Преступление героя не может быть названо иначе, чем иносказанием оракула. Что превращает герменевтику в метафизическую тюрьму власти. Заключение длится, пока власть, как Эдип, не опознает сама себя. Метафизическая тюрьма комфортабельна, как всякое заблуждение (Иокаста и Эдип около двадцати лет вели счастливую супружескую жизнь). За прозрением следует слепота от золотой застежки Иокасты, но это метафора для других спекуляций.

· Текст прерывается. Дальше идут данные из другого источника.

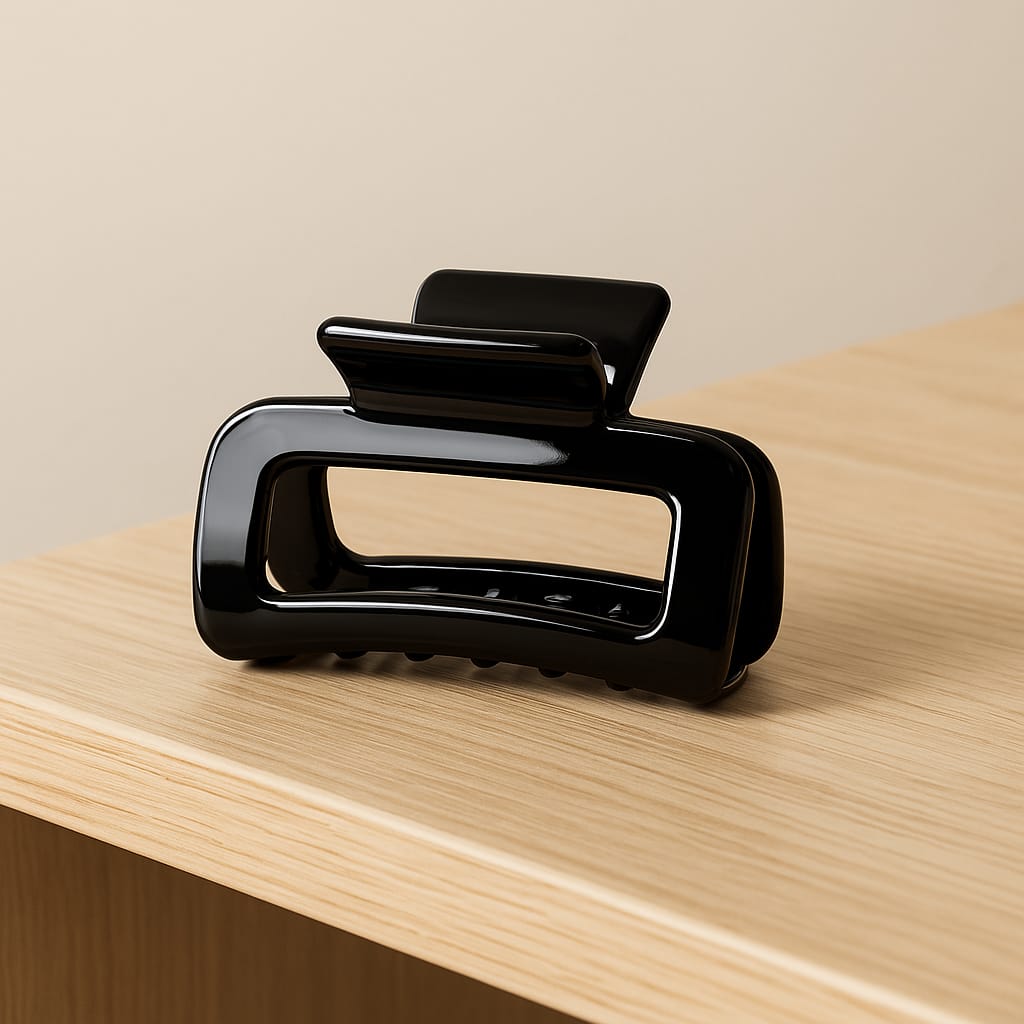 Mini Shine Black Claw Clips – Rectangle Hair Clips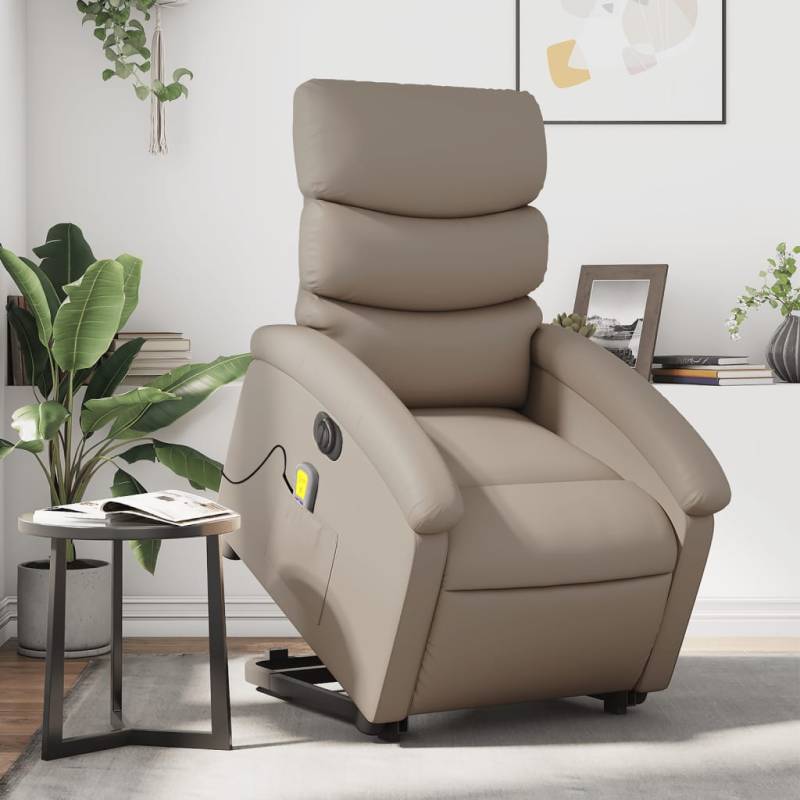 Massagesessel mit Aufstehhilfe Elektrisch Cappuccino Kunstleder Weinrot 1 Elektrisches Neigungssystem Ja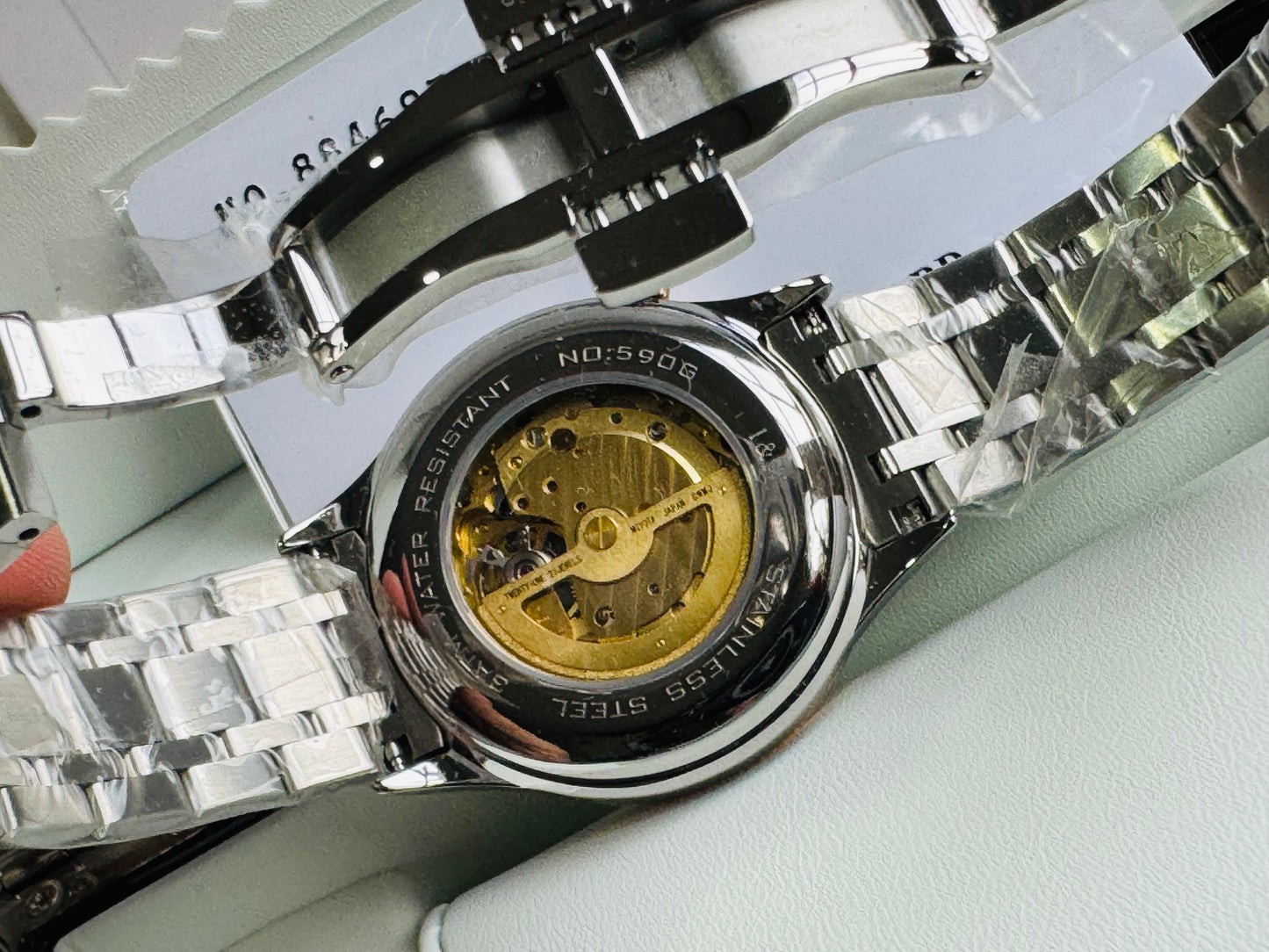 HERMOSO Y ELEGANTE RELOJ AUTOMÁTICO MECÁNICO CRISTAL ZAFIRO LUMINOSO 💯% ORIGINAL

Между изгнанием и убийством, между преступлением и наказанием помещается поколение: у Иокасты с Эдипом рождаются и вырастают дети. Поколение - квант истории, обеспечивающий воспроизводимость ее структур.

В центре этого промежутка, на самой его вершине - герой, преступление которого не названо. По краям - наказанные за преступление героя младенцы и старцы, первые - проколотыми лодыжками, вторые - проколотыми глазами.

Поэтому история ничему не учит - она просто наказывает не тех. Дети Эдипа начинают гражданскую войну. Официально (по Еврипиду или Софоклу) - из-за отцовского проклятия, в действительности - пошлая борьба за власть. Как в России.

* * *

Точку всегда ставят произвольно.
Ж.Деррида.

Хронологические повторы - объективная вещь, что до выводов, которые из этого делаются, то это личный диагноз каждого в отдельности. Хронологические повторы литературны, как метафоры сознания в других временных метриках, соразмерных истории.

Cловно исторический текст сочиняется не тем, чем пишется, - как есть голова и перо. Словно история России вытесняется общим сумеречным мозгом, как если бы хроники славных дел проявляли текст, существующий в некоей надысторической голове, сонной и забывчивой. Словно упорядоченная инфраструктура Леви-Стросса и Себеока существует не внутри замороченной головы каждого русского демагога и политика, а предстоит любой цепочке событий или, по крайней мере, ее описанию.

У Плутарха написано, что Ромул исчез в буре, наступившей во время смотра войск. Из чего следует, что политика - не более чем повод для слов. И произвола точки.

А может быть, просто нет никакой разницы между тем, чего мы хотим, и чего - нет.